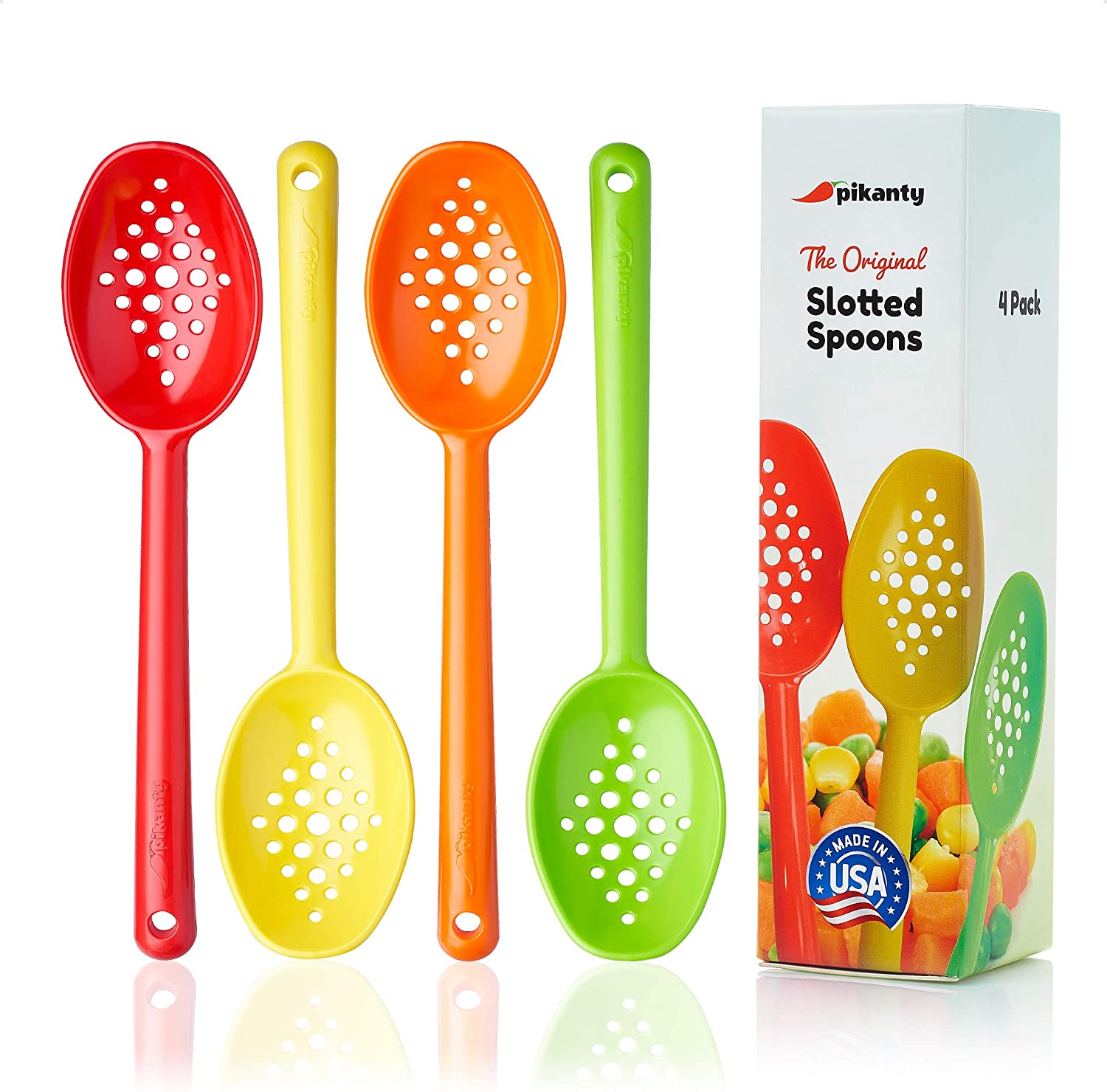 small 7-inch slotted serving spoons (pack of 4) - perfect for olives ...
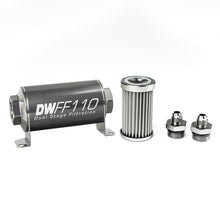 Load image into Gallery viewer, DeatschWerks Stainless Steel 6AN 5 Micron Universal Inline Fuel Filter Housing Kit (110mm)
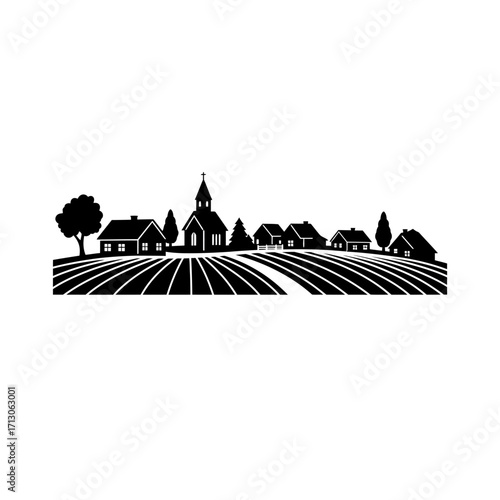 Rural village landscape silhouette with farmland and church silhouette scenic view isolated on white background Vector Illustration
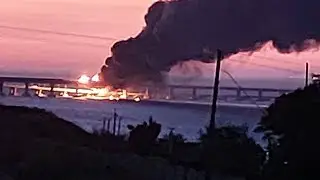 Горит Крымский мост. Керченский мост горит (КАДРЫ)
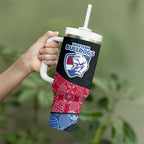 Personalized Western Bulldogs Football Tumbler With Handle Easter Egg Pattern Red Blue Tribal Dot Art Style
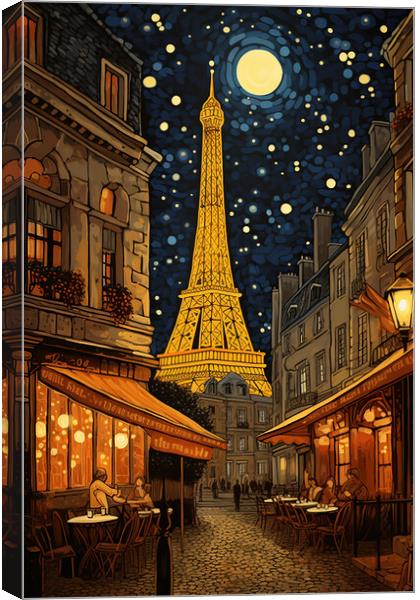 Cafe in Paris  Canvas Print by CC Designs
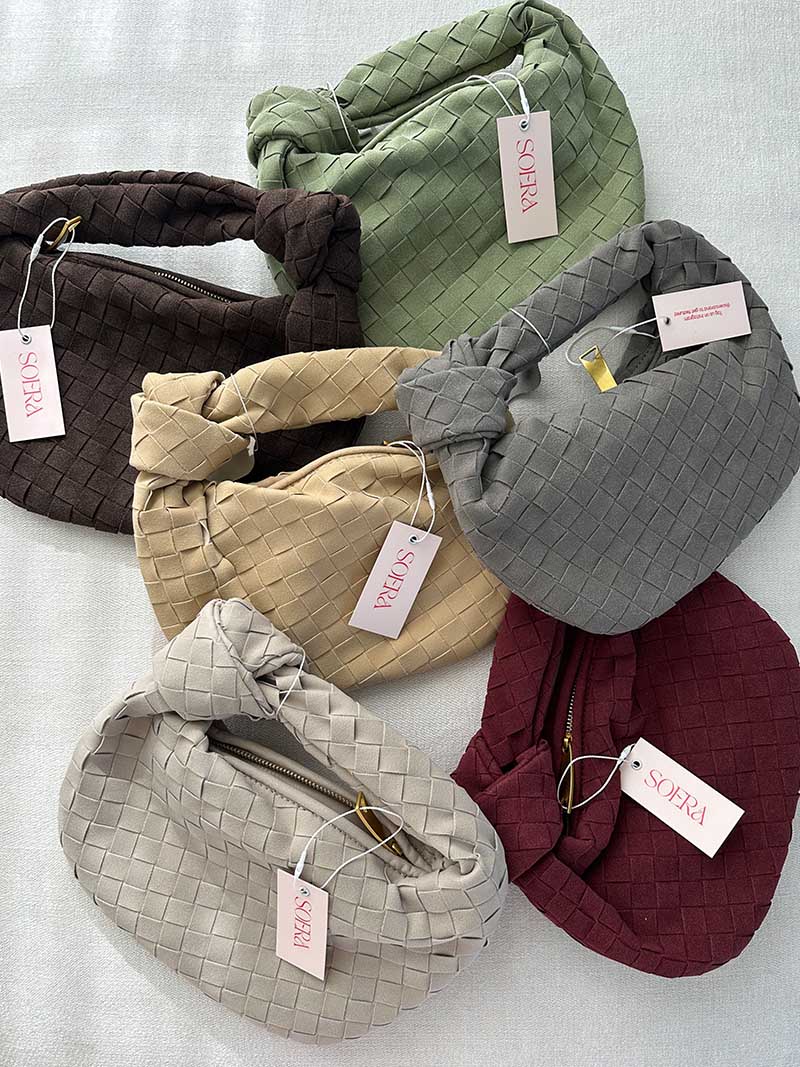 Woven Faux Suede Mini Handbag with Knot Closure – view 9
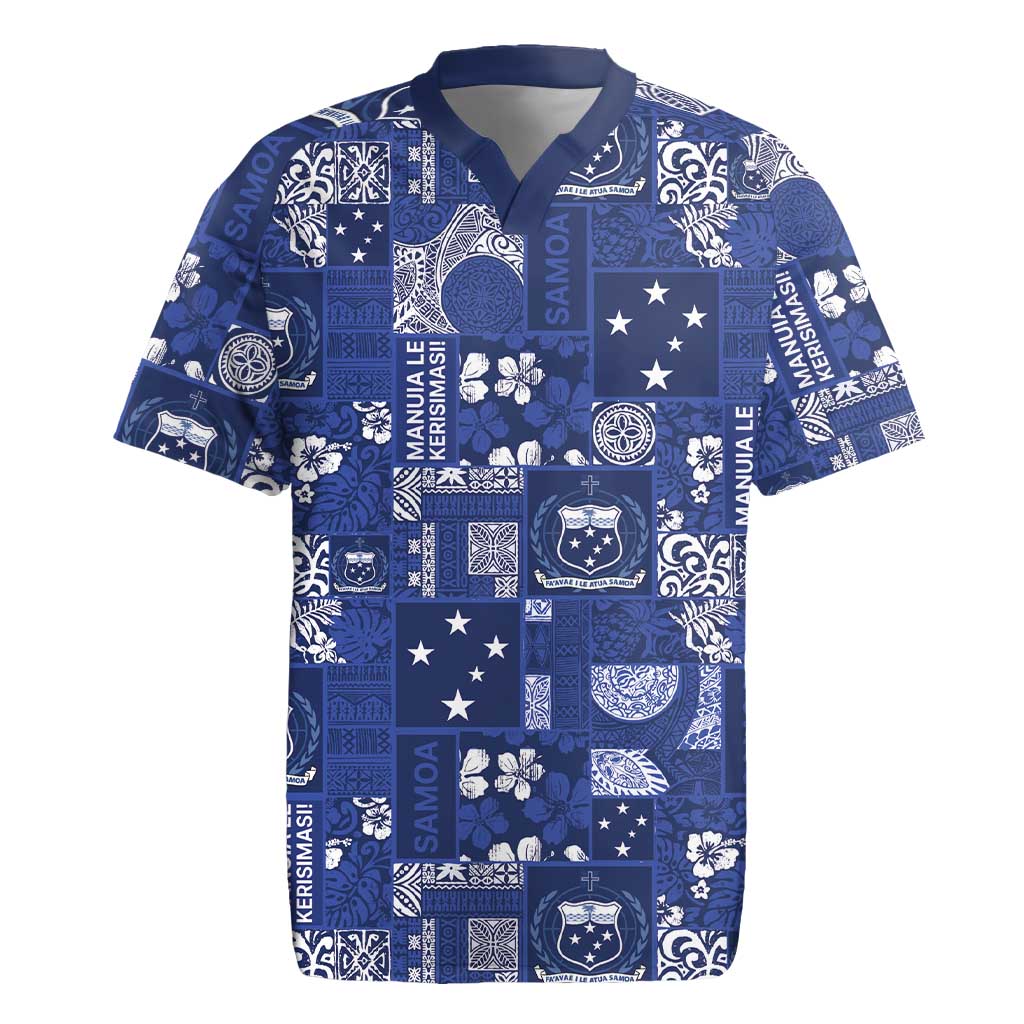 Blue Samoa Manuia Le Kerisimasi Rugby Jersey Pacific Patchwork Xmas Vibes LT9 Blue - Polynesian Pride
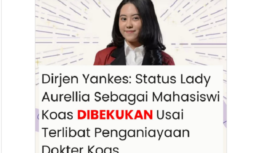 Pasca kasus penganiayaan koas di RS Palembang, kini Dirjen Yankes menjatuhkan sanksi berupa pembekuan status sebagai koas terhadap Lady Arellia.  instagram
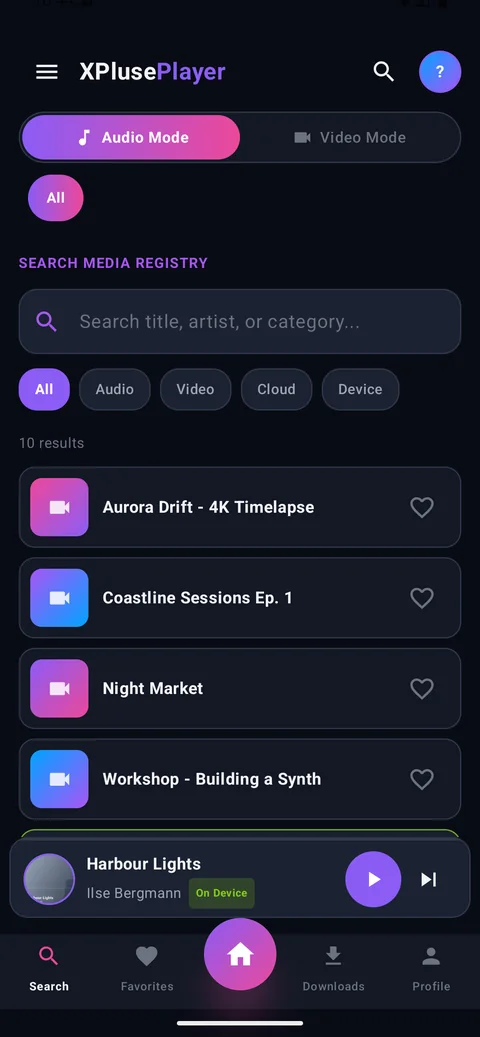 XPlusePlayer search screen filtering the library by audio, video, cloud or device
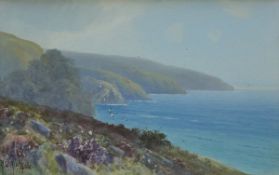 H W HICKS "Coastal scene" study looking out to sea from cliffs, watercolour,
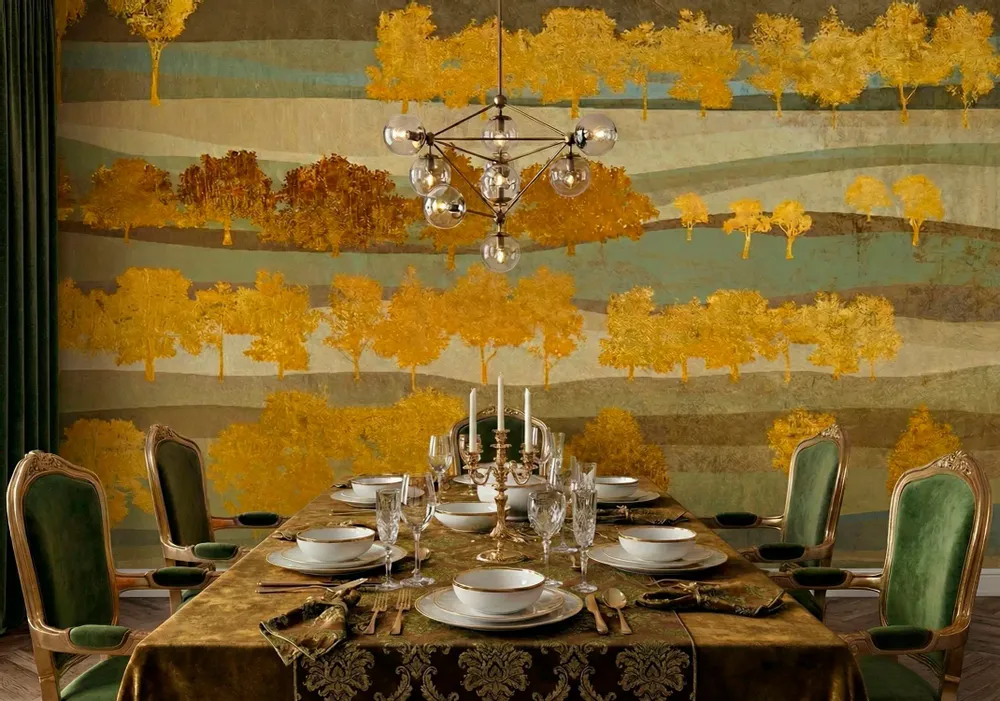 Tapisseries - Papier peint panoramique Vallons dore?s - LE PAPIERS DE NINON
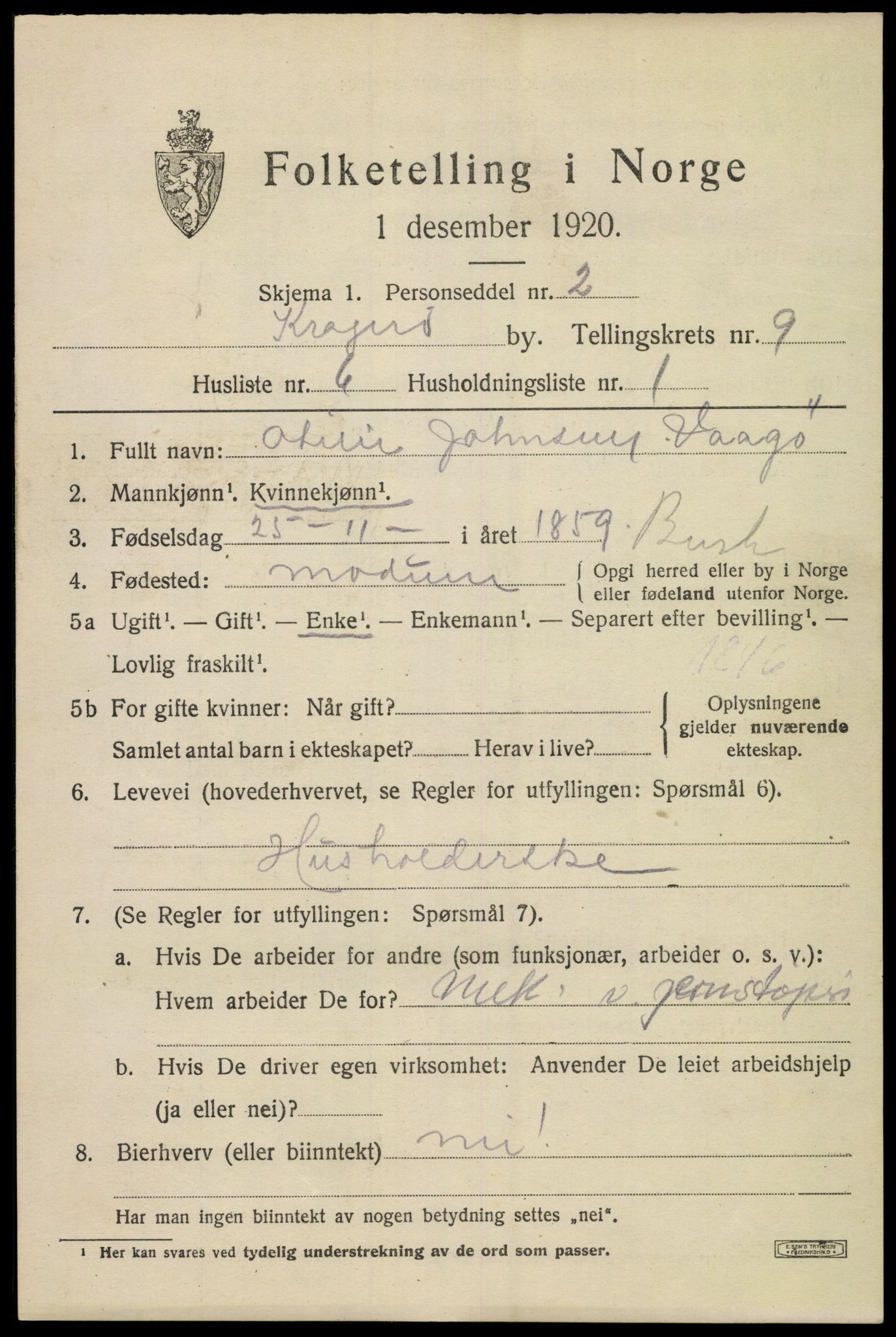 SAKO, 1920 census for Kragerø, 1920, p. 12011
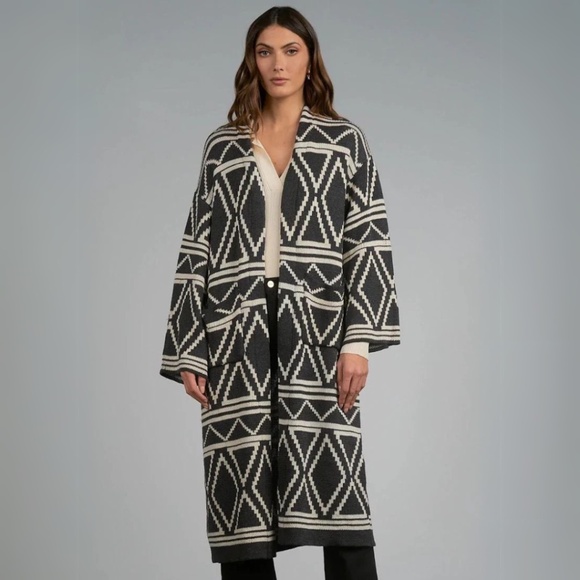 Like New Elan Long Duster Sweater Cardigan in Charcoal - Picture 1 of 4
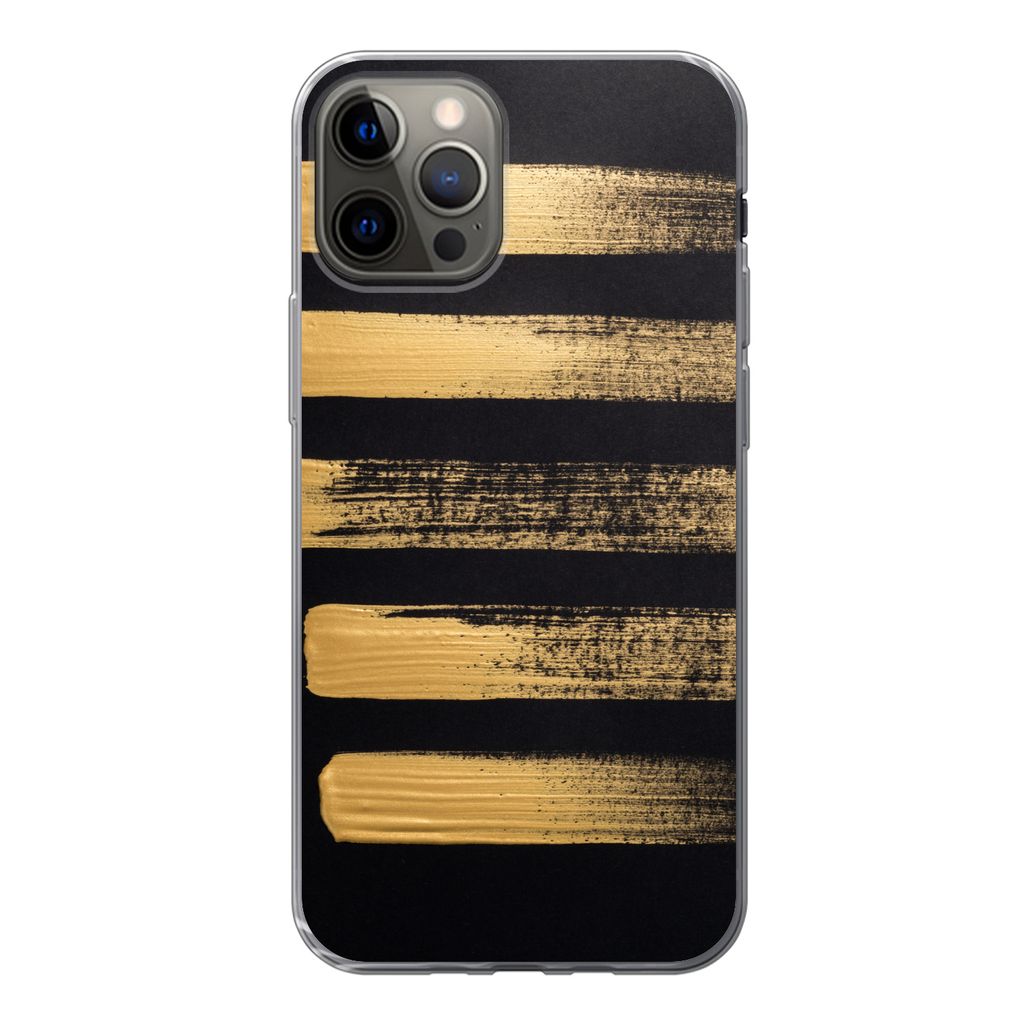 MuchoWow Handyhülle Schutzhülle Hülle für iPhone 12 Pro Muster aus goldener Farbe auf schwarzem Hintergrund Silikon Softcase Handy Hülle - A...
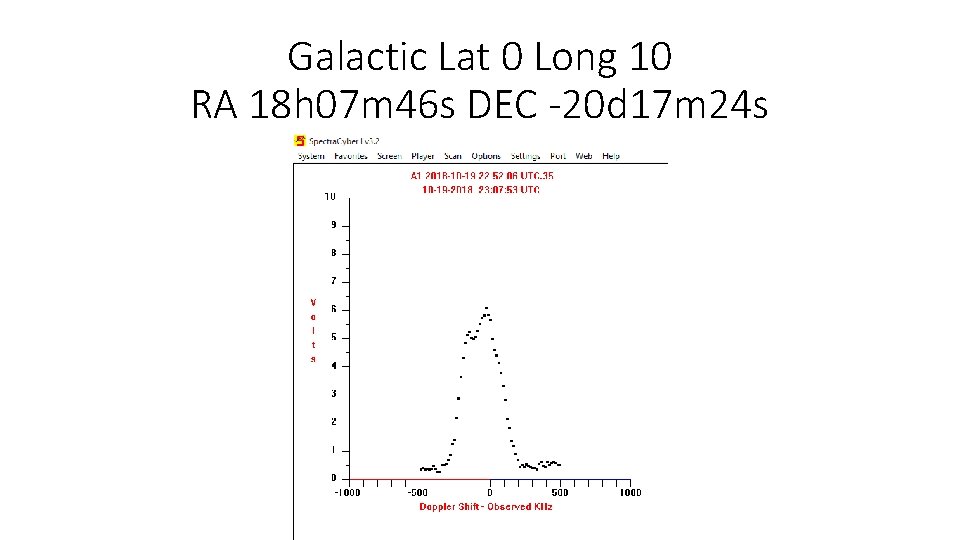 Galactic Lat 0 Long 10 RA 18 h 07 m 46 s DEC -20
────────────────────────────────────────
_ASSIGNMENT_
Here the job is to output the lines from the top of the listing through the line holding "study looking out", word for word and without pictures.

_OUTPUT BELOW_
 small 7-inch slotted serving spoons (pack of 4) - perfect for olives ...
 Load image into Gallery viewer, DeatschWerks Stainless Steel 6AN 5 Micron Universal Inline Fuel Filter Housing Kit (110mm)
 Rural village landscape silhouette with farmland and church silhouette scenic view isolated on white background Vector Illustration
 Горит Крымский мост. Керченский мост горит (КАДРЫ)
 Personalized Western Bulldogs Football Tumbler With Handle Easter Egg Pattern Red Blue Tribal Dot Art Style
 Cafe in Paris  Canvas Print by CC Designs
 Woven Faux Suede Mini Handbag with Knot Closure – view 9
 Blue Samoa Manuia Le Kerisimasi Rugby Jersey Pacific Patchwork Xmas Vibes LT9 Blue - Polynesian Pride
 Pasca kasus penganiayaan koas di RS Palembang, kini Dirjen Yankes menjatuhkan sanksi berupa pembekuan status sebagai koas terhadap Lady Arellia.  instagram
 XPlusePlayer search screen filtering the library by audio, video, cloud or device
 H W HICKS "Coastal scene" study looking out to sea from cliffs, watercolour,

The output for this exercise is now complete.